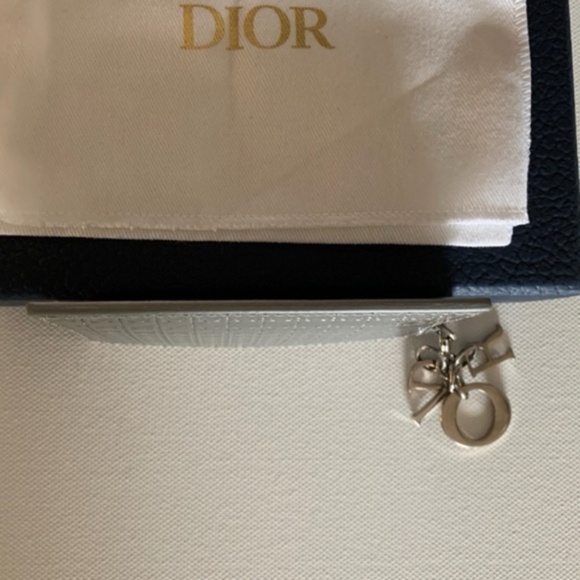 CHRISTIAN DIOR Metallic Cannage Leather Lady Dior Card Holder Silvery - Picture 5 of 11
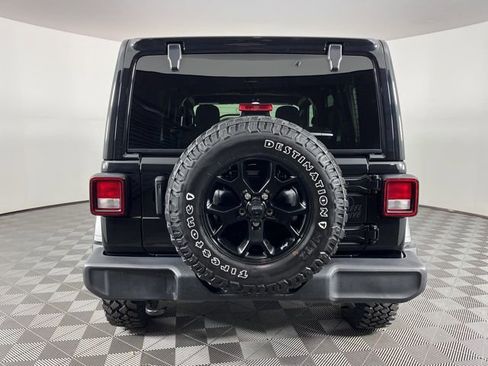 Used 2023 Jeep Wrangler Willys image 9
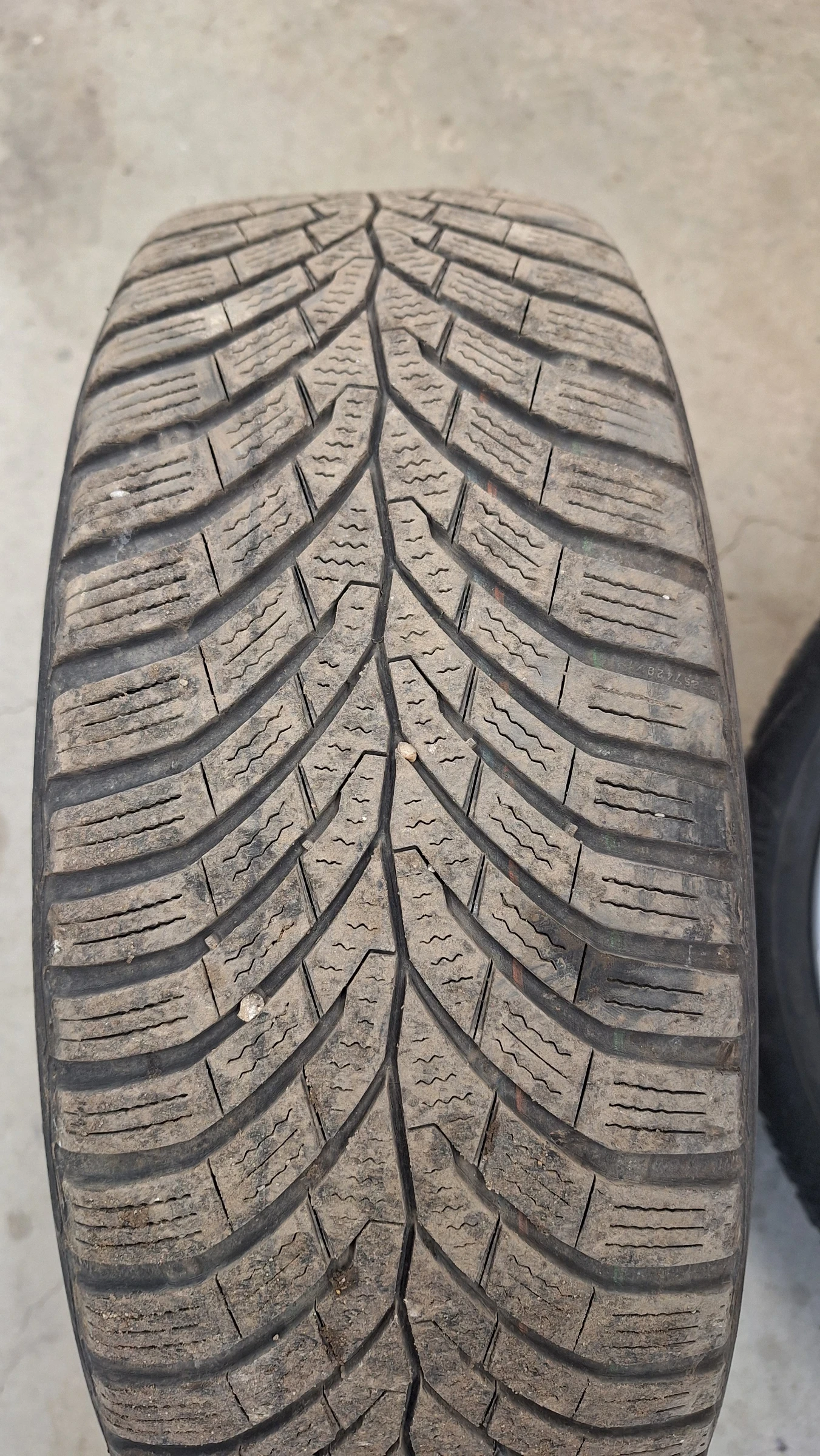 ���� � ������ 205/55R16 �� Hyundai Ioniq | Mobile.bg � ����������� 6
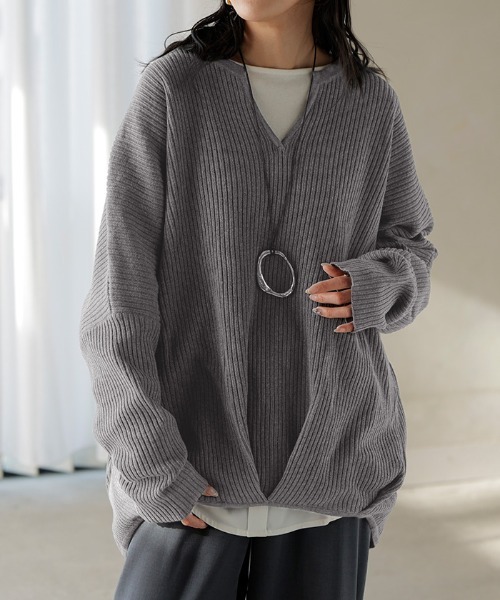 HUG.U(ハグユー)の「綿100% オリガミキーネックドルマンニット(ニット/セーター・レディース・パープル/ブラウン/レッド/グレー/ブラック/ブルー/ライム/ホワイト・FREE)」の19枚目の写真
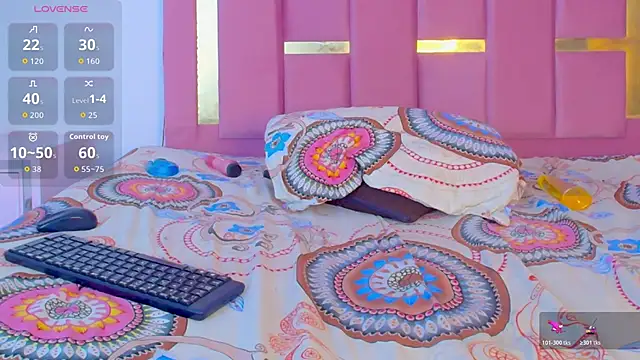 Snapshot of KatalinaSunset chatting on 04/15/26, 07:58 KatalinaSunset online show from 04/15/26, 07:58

* * * * * * * * *

Without the pictures, repeat the listing word for word.

### Exercise solution
 CHRISTIAN DIOR Metallic Cannage Leather Lady Dior Card Holder Silvery - Picture 5 of 11
 Used 2023 Jeep Wrangler Willys image 9
 ���� � ������ 205/55R16 �� Hyundai Ioniq | Mobile.bg � ����������� 6
 HUG.U(ハグユー)の「綿100% オリガミキーネックドルマンニット(ニット/セーター・レディース・パープル/ブラウン/レッド/グレー/ブラック/ブルー/ライム/ホワイト・FREE)」の19枚目の写真
 Snapshot of KatalinaSunset chatting on 04/15/26, 07:58 KatalinaSunset online show from 04/15/26, 07:58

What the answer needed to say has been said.